Four out of five say no way

The KPMG survey, which had 5,627 respondents from 22 different countries, found UK citizens the most unwillingly to pass over their hard-earned pounds for news content. Of the Brits quizzed, 81 per cent said they would not shell over money for web content.

What were the findings?

Speaking to The Telegraph, Tudor Aw, who heads up technology at KPMG Europe, explained that: ‘UK consumers still haven’t come around to the idea of paying for digital content and are clear that they will move to other sites if pay walls are put up.’
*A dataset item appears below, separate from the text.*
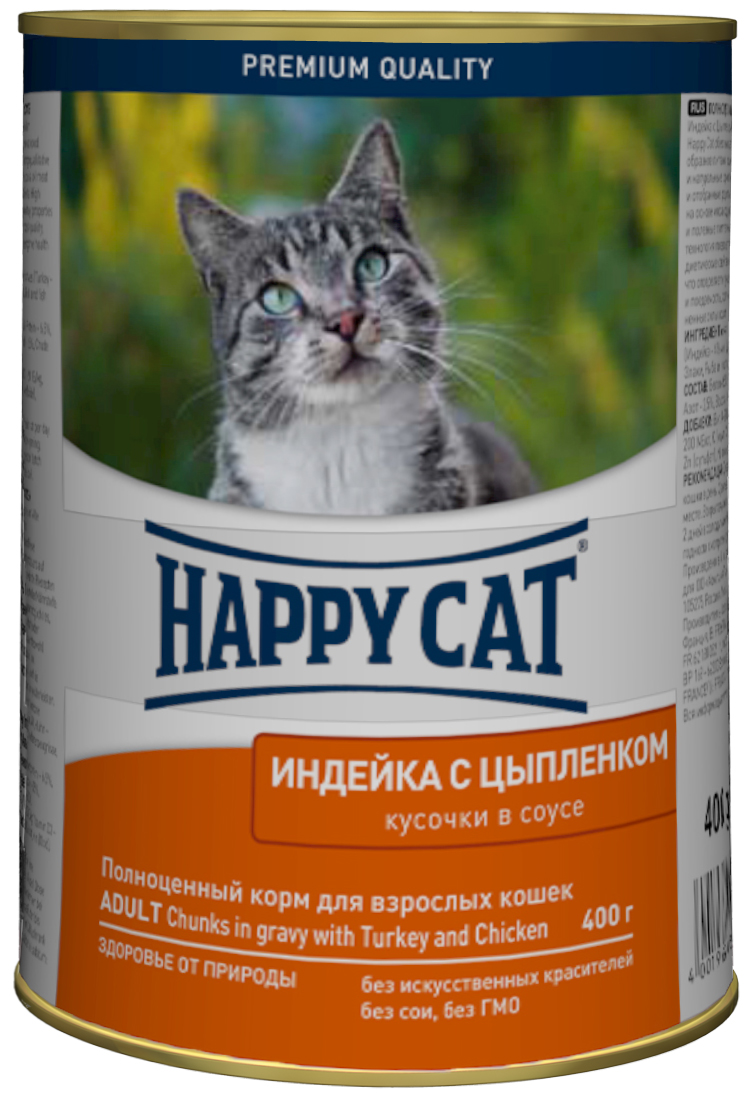 Консервы для кошек Happy Cat, индейка с цыпленком, 400 г0120710 Консервы для кошек Happy Cat, индейка с цыпленком, 400 г0120710Консервы для кошек Happy Cat - полноценный корм, который обеспечивает правильное и разнообразное питание кошки. Это очень вкусный и натуральный корм предлагает качественно отобранные ингредиенты, чтобы порадовать даже самую привередливую кошку. Уникальная технология приготовления позволяет сохранить все ценные свойства натуральных продуктов, чтобы ваш питомец был здоров и полон сил.Состав: мясо и мясопродукты ( индейка – 4,0%, цыпленок – 4,0%), злаки, минеральные вещества, инулин (0,1%).Аналитический состав: сырой белок 8,0%, сырой жир 4,5%, сырая зола 2,0%, сырая клетчатка 0,3%, влажность 82,0.%Витамины/кг: витамин D3 250МЕ , витамин Е 15 мг. Микроэлементы/кг: медь 1 мг, марганец 1 мг, цинк 18 мг.Товар сертифицирован.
He went on to explain that customers have, however, become receptive to the necessity of advertising models and in allowing sites to track their user profiles (presumably for hyper-specific ad targeting). But what Mr. Aw did not explain is that the average cost advertisers pay per impression has dropped notably in recent years, and that most newspapers cannot sell out their advertising capacity, making a certain percentage of these ‘free viewers’ worth nothing to the news publications.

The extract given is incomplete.